Un pintor como Antoni Miró podría haber nacido en cualquier sitio de la tierra, y, sin embargo, da la impresión de que sólo podía tratarse de un catalán de Alcoi. La historia del arte es lo bastante sorprendente para que rechacemos la idea mecánica que dice que cada país da sus pintores: de un tipo determinado y ni de cualquier otra clase. No: es cierto que un holandés del XVII es más holandés y más del XVII que nadie, como es cierto que un abstracto americano del XX es más abstracto y más americano que cualquier otro, pero las cosas no son tan sencillas: Guatemala, por ejemplo, ha dado más artistas que Suiza, y los Países Catalanes, vencidos y humillados a principios del XVII han dado, desde entonces hasta ahora, más artistas que la exultante Castilla.

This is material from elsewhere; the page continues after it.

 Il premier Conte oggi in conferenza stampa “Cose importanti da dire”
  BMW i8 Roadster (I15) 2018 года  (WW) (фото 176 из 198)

Tampoco funciona la mecánica respecto al estilo de cada pintor: los pintores del detrito son sobre todo hijos de los opulentos Estados Unidos; ni tampoco es cierto que la luz es exclusiva de los mediterráneos —la luz de Goya, literalmente, deslumbra—. Sin embargo, Antoni Miró, tan universal, sólo podía ser de donde es. Y no precisamente por caer en los tópicos con que se nos define a menudo a los valencianos: ni es un pintor sentimental ni nunca es basto, las dos características con que nos simplifican a nosotros, los valencianos. Todo lo contrario: la pincelada, limpia, plana, clara, diáfana de Antoni Miró está más cerca de lo apolíneo que de lo dionisíaco, y hay, en sus telas, tanta inteligencia como pasión. Sin embargo, ¿por qué da esa sensación de que sólo podía ser un catalán del sur quien pinta así? Imposible contestar a esta pregunta, pero lo cierto es —yo he hecho la prueba más de una vez— que cualquier espectador, incluso aquellos que no son expertos en pintura, están de acuerdo en que la obra de Miró pertenece a un determinado punto del Mediterráneo: exactamente a Alcoi, allá donde no llega la olor de sal o la humedad marina, pero cuya bóveda celeste es dura y diamantina y sus colores –del ocre al verde- tienen una especialísima intensidad.
Recorrer la obra de Antoni Miró es una oportunidad única: la oportunidad de abrir una ventana, que hasta ahora estaba tozudamente cerrada, y ojear la magia insólita de un mundo nuevo; o, mejor aún, una mirada nueva sobre un mundo viejo. Así pues, una subversión; y una subversión de una tal profundidad que el espectador de transforma mirando a Miró, y se apercibe que la vida, las cosas, los pensamientos y los sentimientos ya no volverán a ser nunca más los mismos, porque Miró ha transformado la realidad y ha actualizado aquel mundo posible del Poeta, que tanto inquieta al Rey. A todos los reyes de la tierra, a todos los poderosos del mundo, a todos los que, llevando coronas o galones, han perdido la facultad de mirar, y, probablemente, la de vivir.